Work required => Your answer must be the lines from the one holding "Kilim antiguo Alfombra 150x205cm" through the final line of the entries below, copied exactly, with no pictures.

[Saved entries]
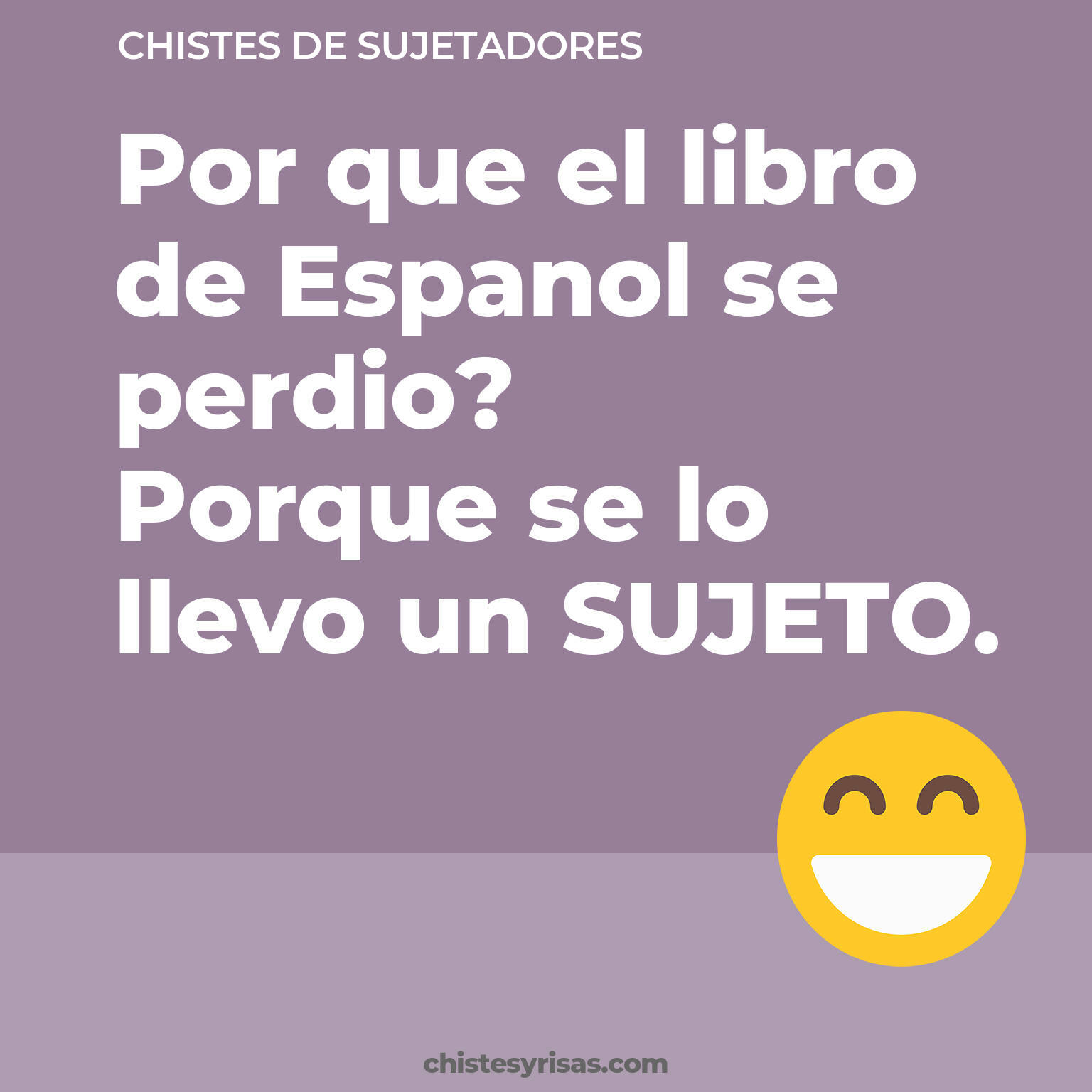 chistes de Sujetadores más graciosos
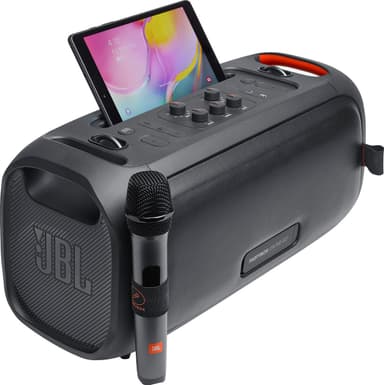 JBL PartyBox On-The-Go bærbar høyttaler (sort)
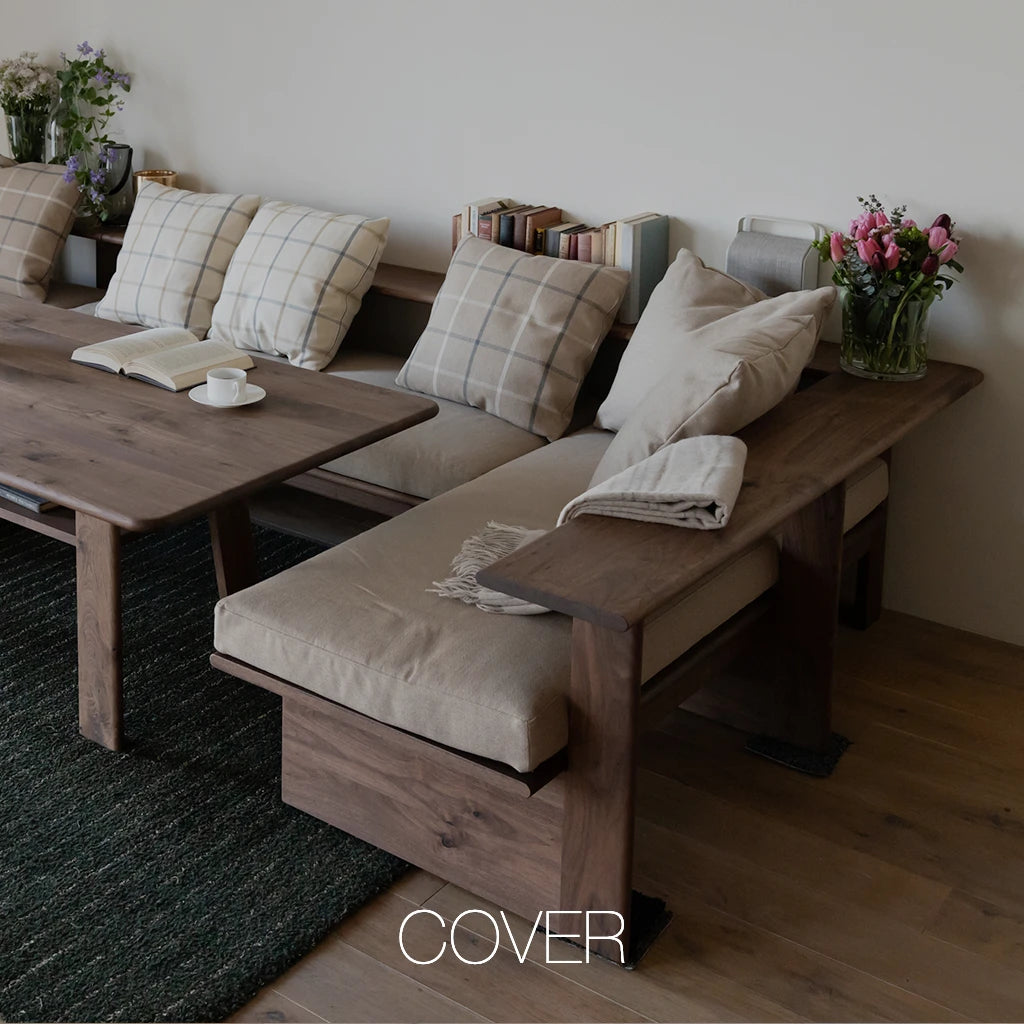 LIVELLO LD One Arm Sofa cover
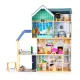 Ecotoys Maya Large Wooden Dollhouse, 138 cm, 28 Elements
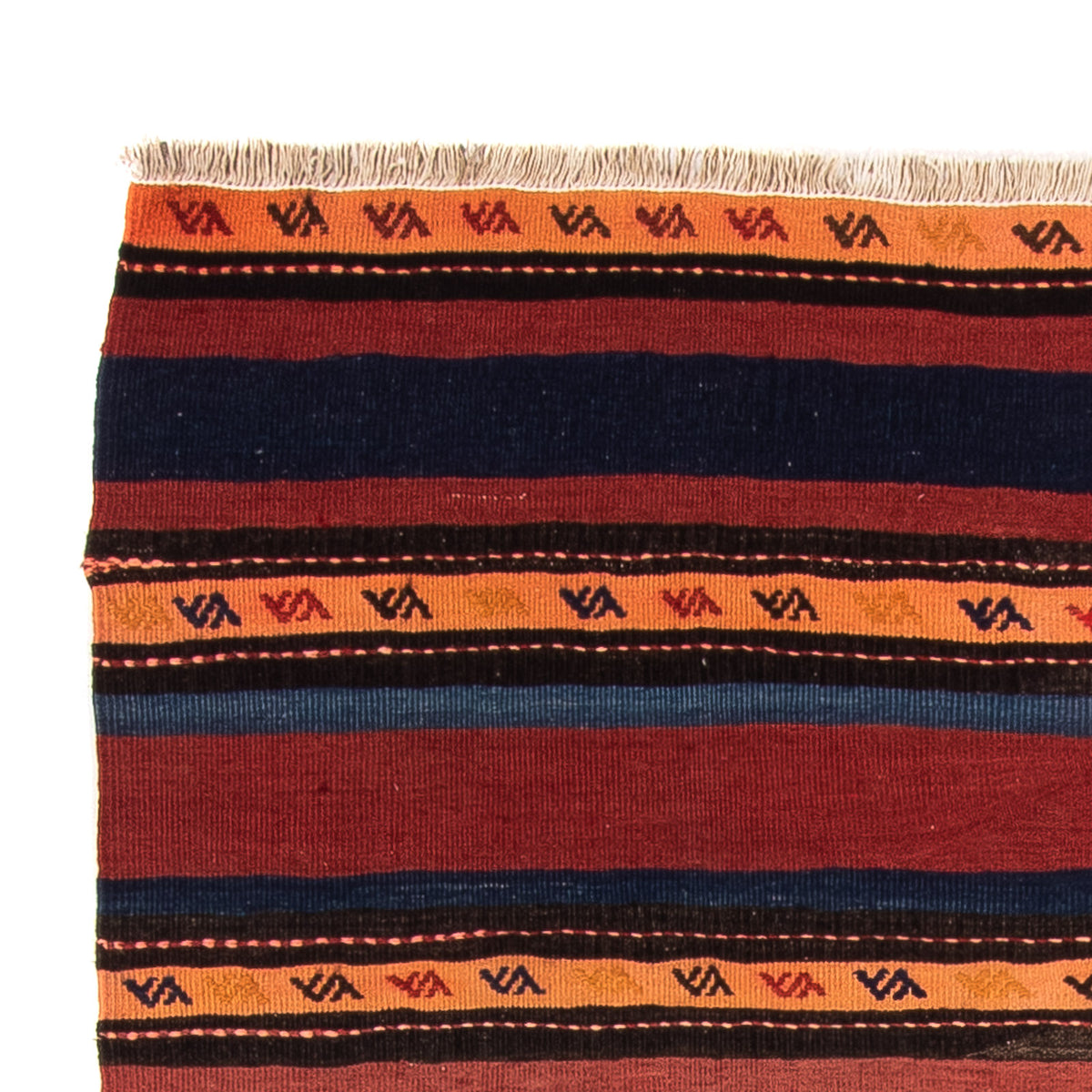 Kilim antiguo Alfombra 150x205cm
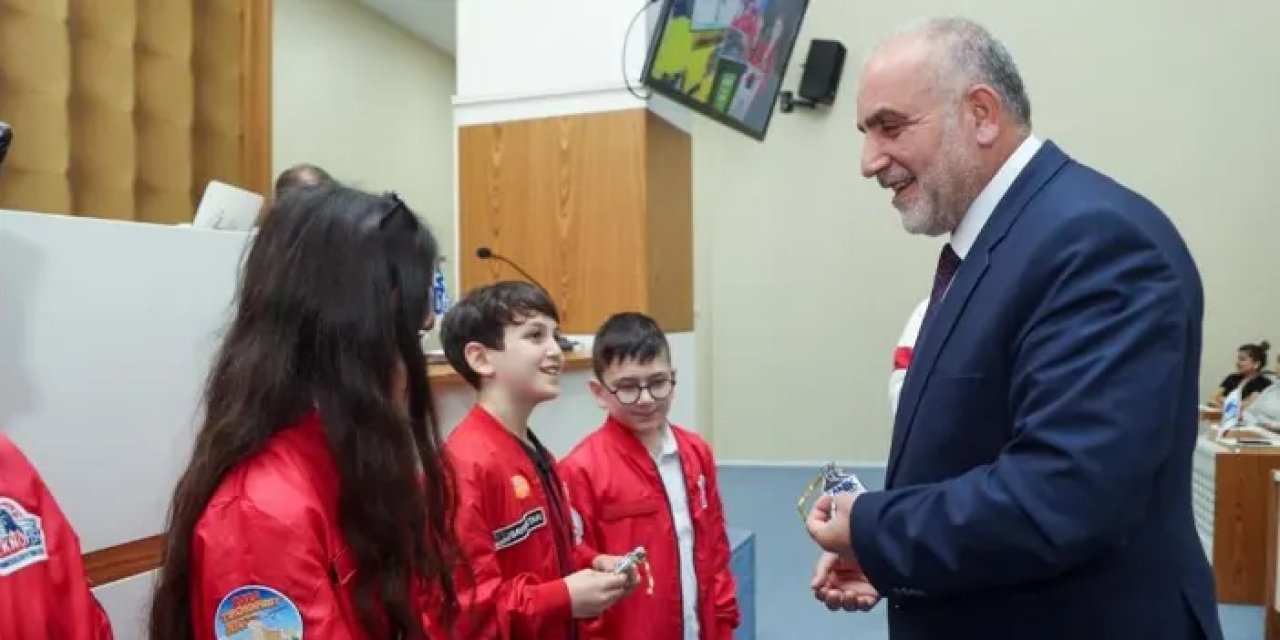 Samsun Canik Belediyesi TEKNOFEST’e damga vurdu!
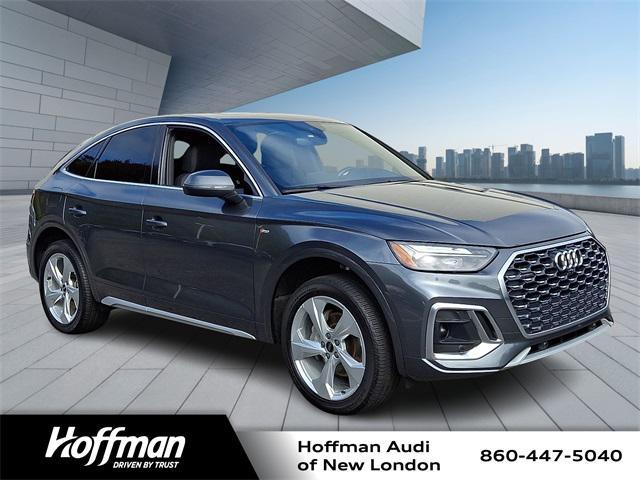 used 2024 Audi Q5 car, priced at $41,978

Output of the task =>
 Kilim antiguo Alfombra 150x205cm
 Samsun Canik Belediyesi TEKNOFEST’e damga vurdu!
 used 2024 Audi Q5 car, priced at $41,978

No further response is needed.